As you may (or more likely may not) recall, the Third Amendment provides:
No Soldier shall, in time of peace be quartered in any house, without the consent of the Owner, nor in time of war, but in a manner to be prescribed by law.
The brief argues the moratorium violates (no surprise) the Third Amendment. Br. at 4 (“The Moratorium prohibits eviction by Owners of Soldiers.”) Why? The text of the amendment, that’s why! To wit:
- It’s peacetime (“For purposes of the Third Amendment, the distinction between “time of peace” and “time of war” requires a formal declaration of war by Congress.”),
- Even if it is wartime, the moratorium was not adopted as “prescribed by law” (“Assuming, arguendo, that the existence of a current AUMF constitutes a ‘time of war’, the Moratorium was not propounded in a manner prescribed by law, as required by the Third Amendment. Prescription by law requires legislative action.”).
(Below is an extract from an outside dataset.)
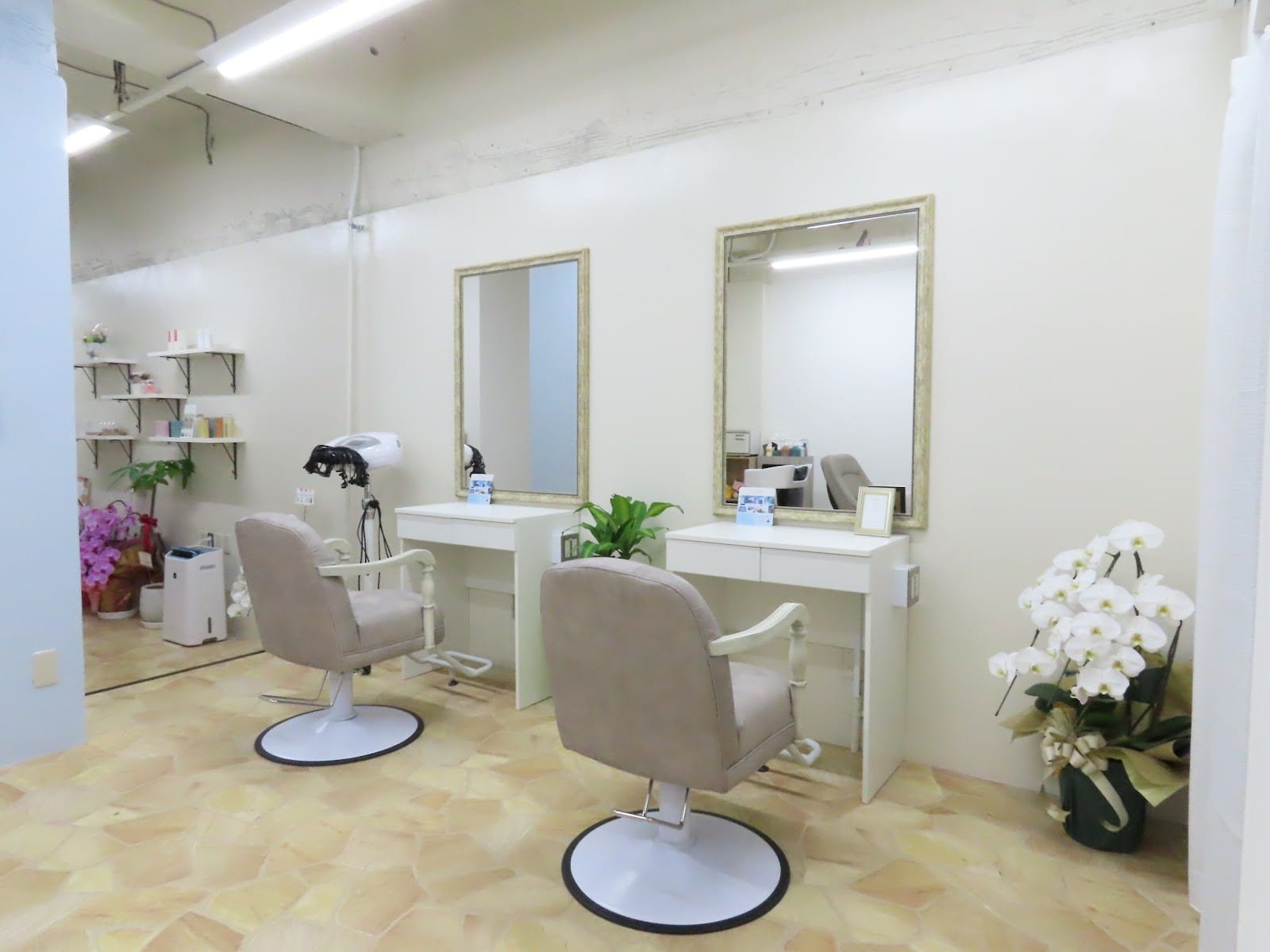 ALII(福岡)のメンズ眉毛サロン店内写真 1枚目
- Residences are houses (yeah, but as Steve Silva has pointed out, so is IHOP).
- Non-rent paying tenants are being “quartered” in said houses (“The use of a house by a soldier for more than 24 hours may be construed as “quartering”. Contrast Estate of Bennett v. Wainwright, No. 06-28-P-S, 2007 U.S. Dist. LEXIS 39631, at *20 (D. Me. May 30, 2007) (finding that use by police for less than 24 hours was not quartering).”).
- The moratorium doesn’t exclude soldiers (“It not only does not carve out soldiers, it does not mention them.”).
That’ll do pig. Follow along. One never knows, we suppose.